**Image-text web data:**
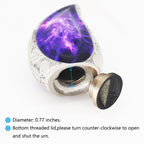 Open base shot of purple galaxy brass miniature ash urn showing threaded screw lid and measurement specifications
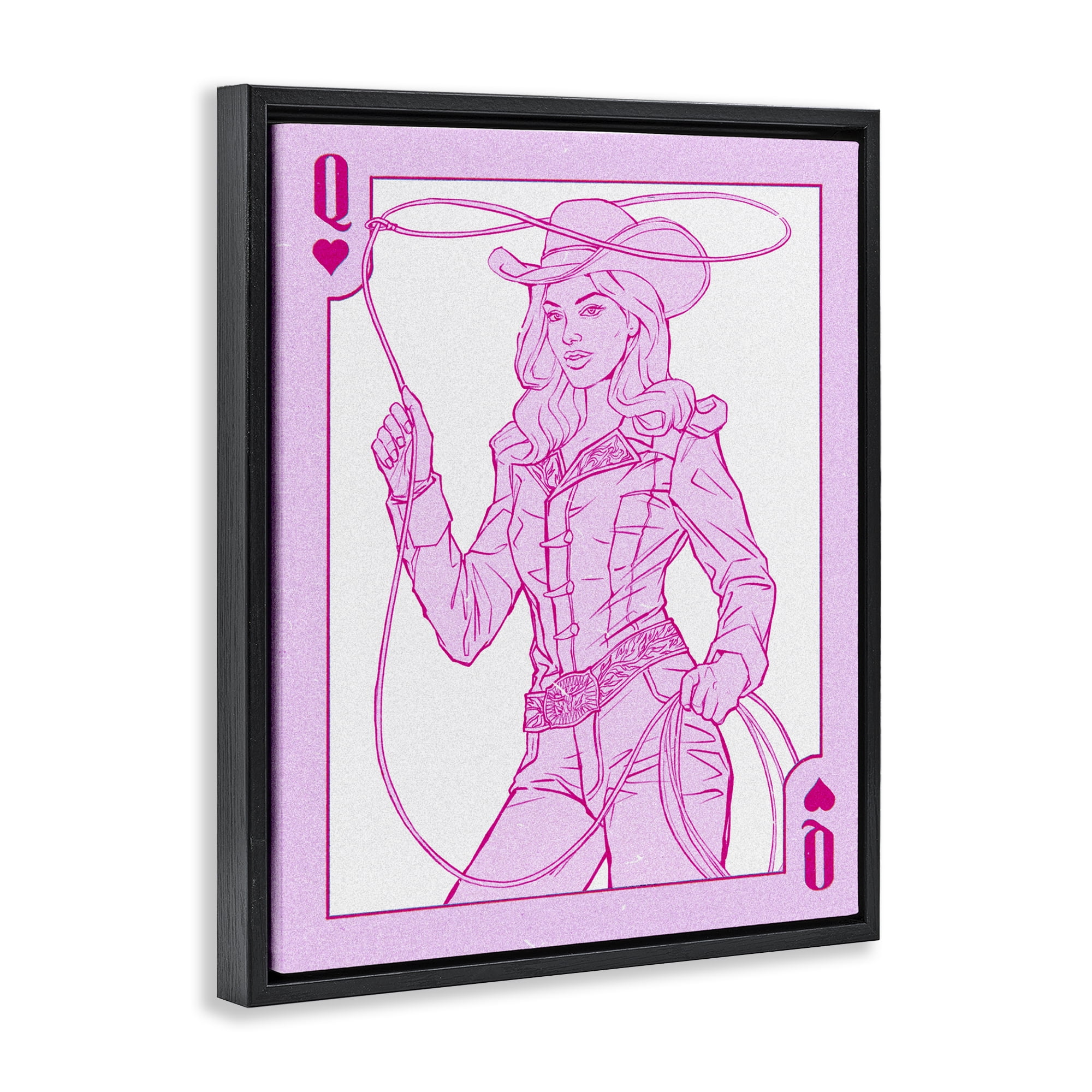 Stupell Industries Cowgirl Queen of Hearts Black Framed Floater Canvas Wall Art, design by Ziwei Li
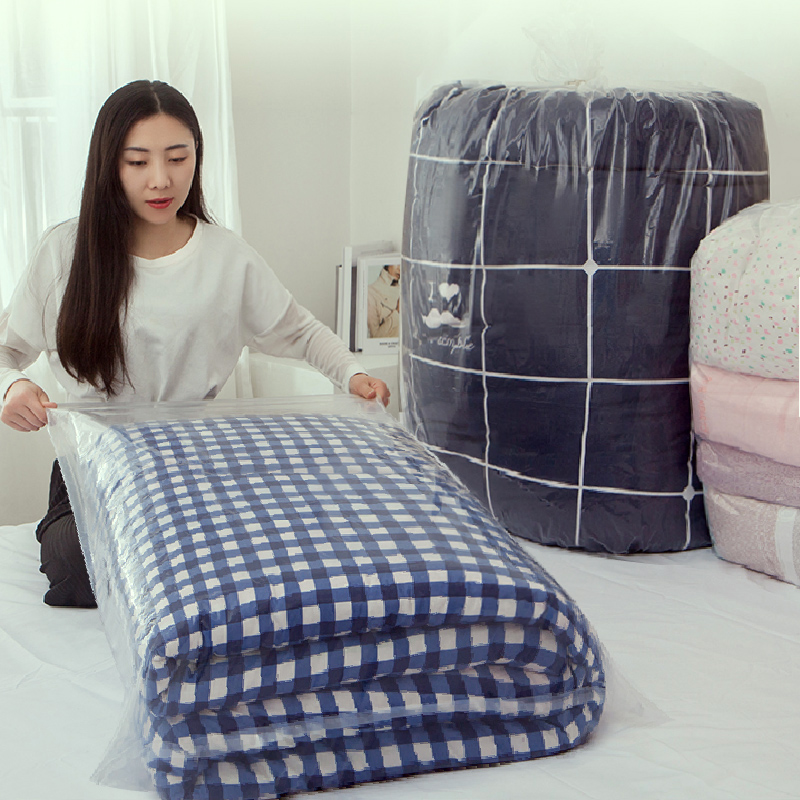 Moisture-proof and mildew-proof finishing cotton clothes moving luggage packing bag large-capacity transparent quilt storage bag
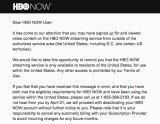 The email sent to Australian HBO Now users.
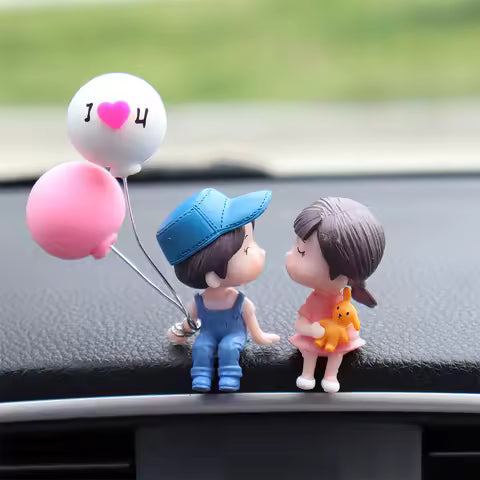 Car Dashboard Decorations  Cute Cartoon Couple Figurines & Balloon Ornaments for Girls’ Cars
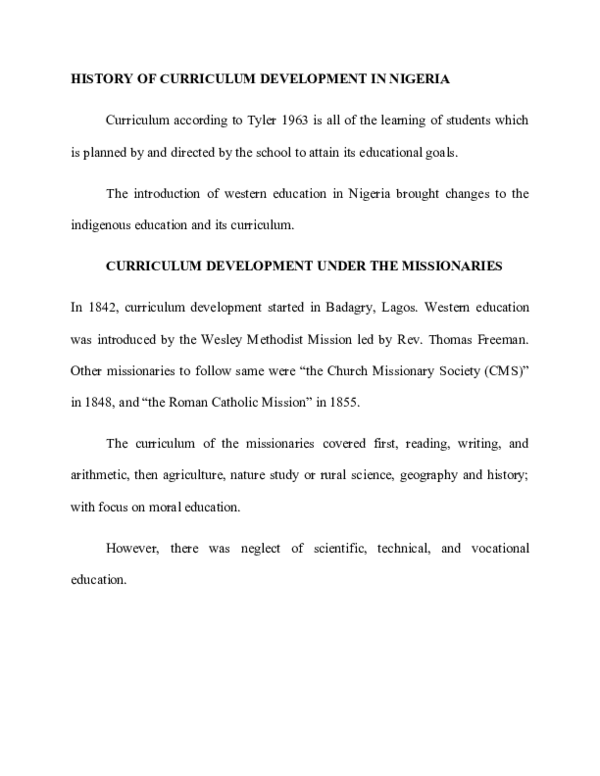 DOC HISTORY OF CURRICULUM DEVELOPMENT IN NIGERIA Joy Luke 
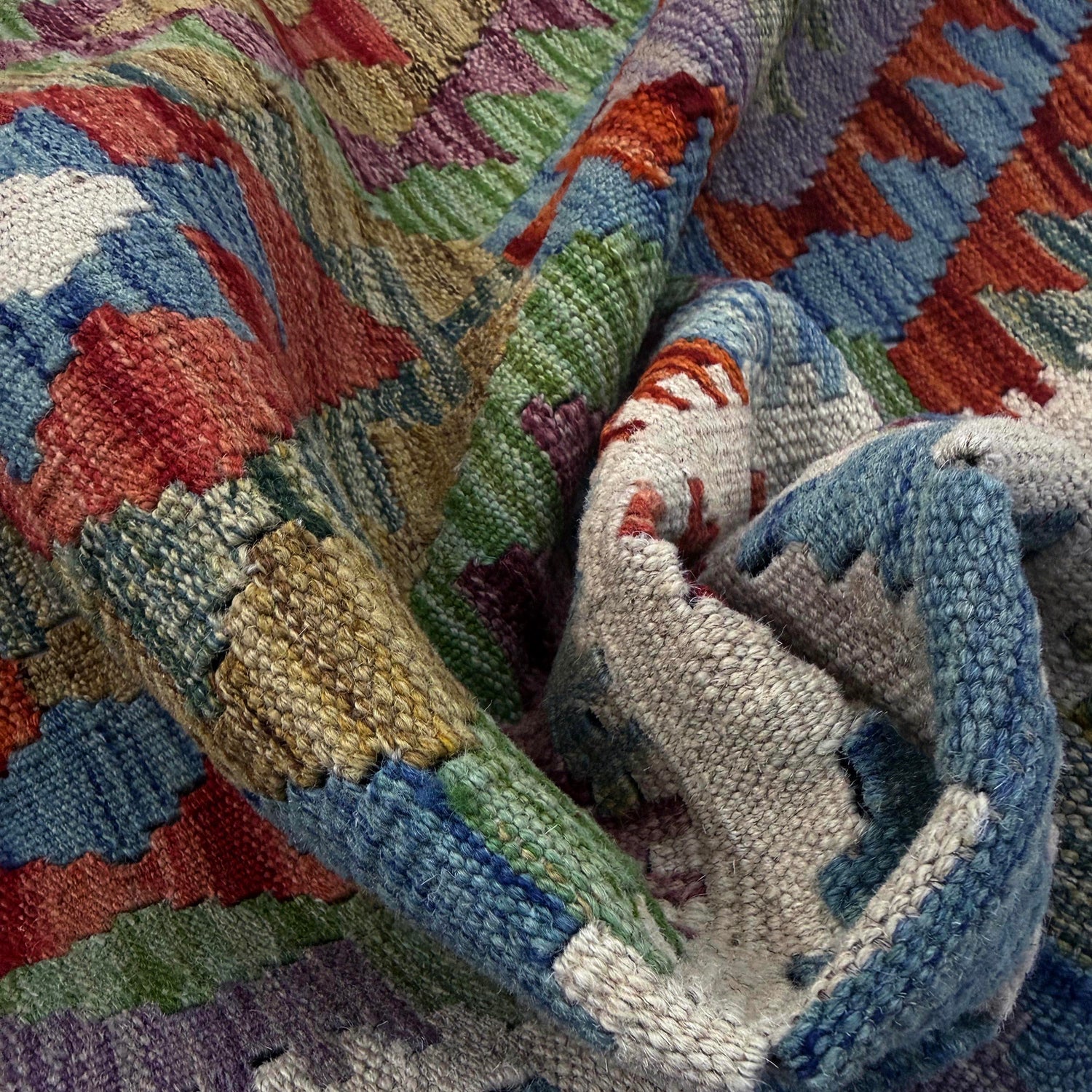 Hand Made Afghan Kilim 5' 10" x 8' 1" ft / 178 x 246 cm - No. Y39523
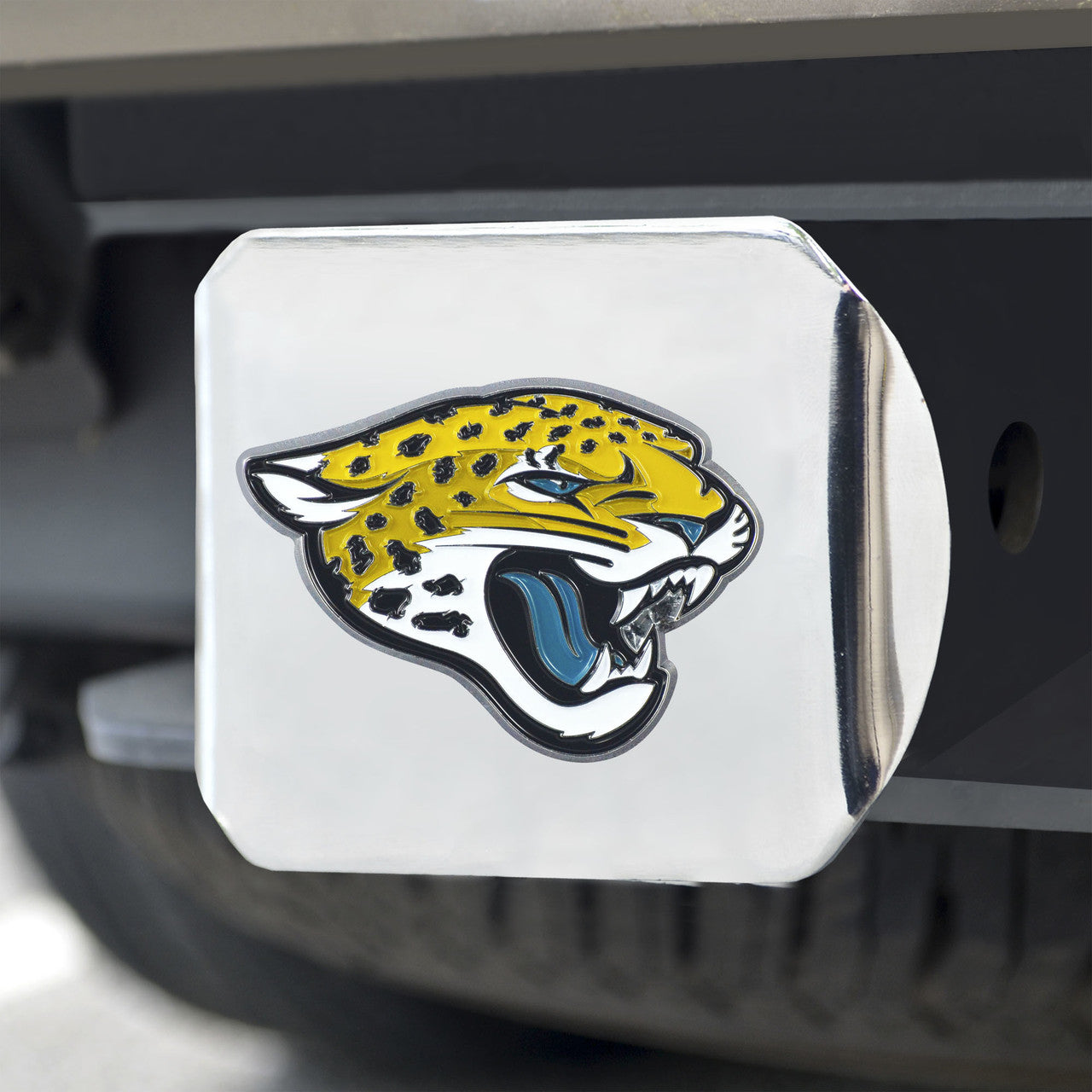 Jacksonville Jaguars Hitch Cover Color Emblem on Chrome - Sports Collectibles, Sports Memorabilia, Sports Fan Shop, Sports Gifts
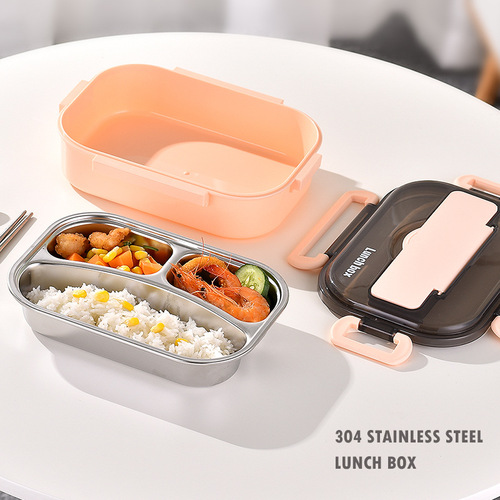 304 stainless steel double-layer fast food lunch box compartmented lunch box sealed leak-proof lunch box student office worker lunch box
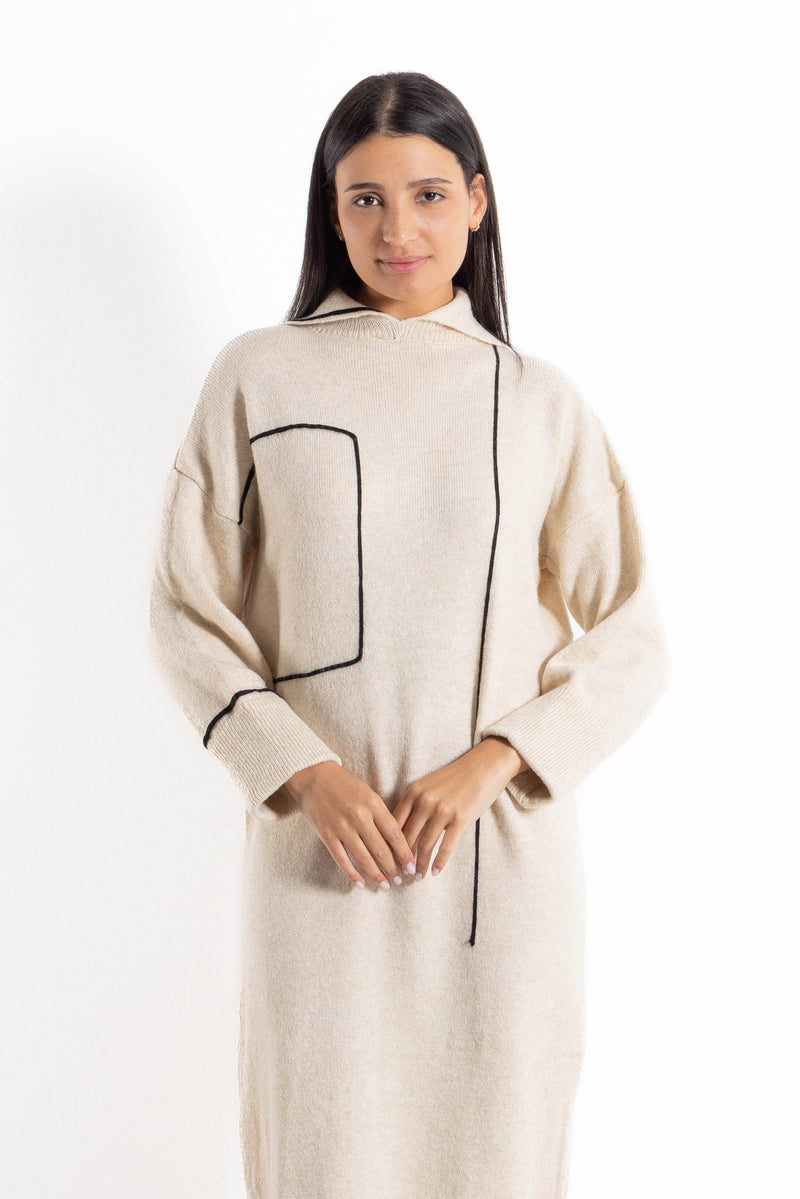 DETAILED WOOL BLEND DRESS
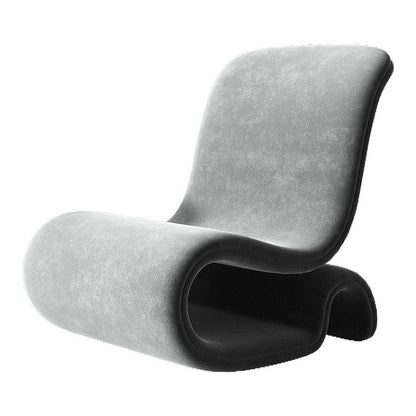 Contemporary Creative S-Shape Iron Velvet Sponge Accent Chair Backrest Armless For Living Room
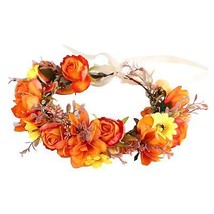 Women Girl Flower Headband Wreath Boho Headpiece Floral Crown for Wedding Festiv - £25.57 GBP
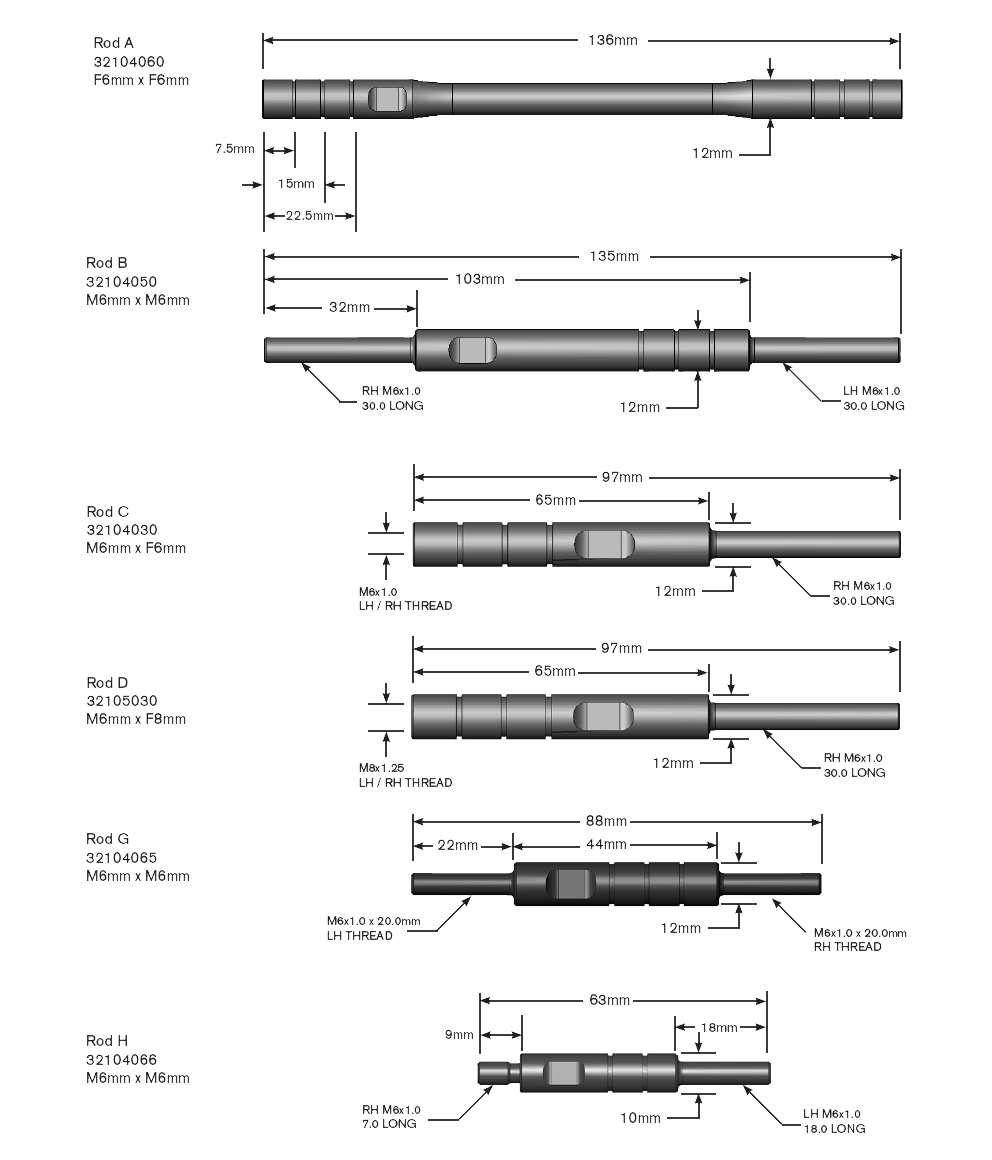 Massskizze der verfügbaren Dynojet Schaltgestänge für Quickshifter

**WORK REQUIRED:** What is needed is an exact copy of the lines from the line with "DETAILED WOOL BLEND DRESS" to the end of the data above, both included, without any pictures.

**SOLUTION FOR THIS TASK:**
 DETAILED WOOL BLEND DRESS
 Contemporary Creative S-Shape Iron Velvet Sponge Accent Chair Backrest Armless For Living Room
 Women Girl Flower Headband Wreath Boho Headpiece Floral Crown for Wedding Festiv - £25.57 GBP
 Massskizze der verfügbaren Dynojet Schaltgestänge für Quickshifter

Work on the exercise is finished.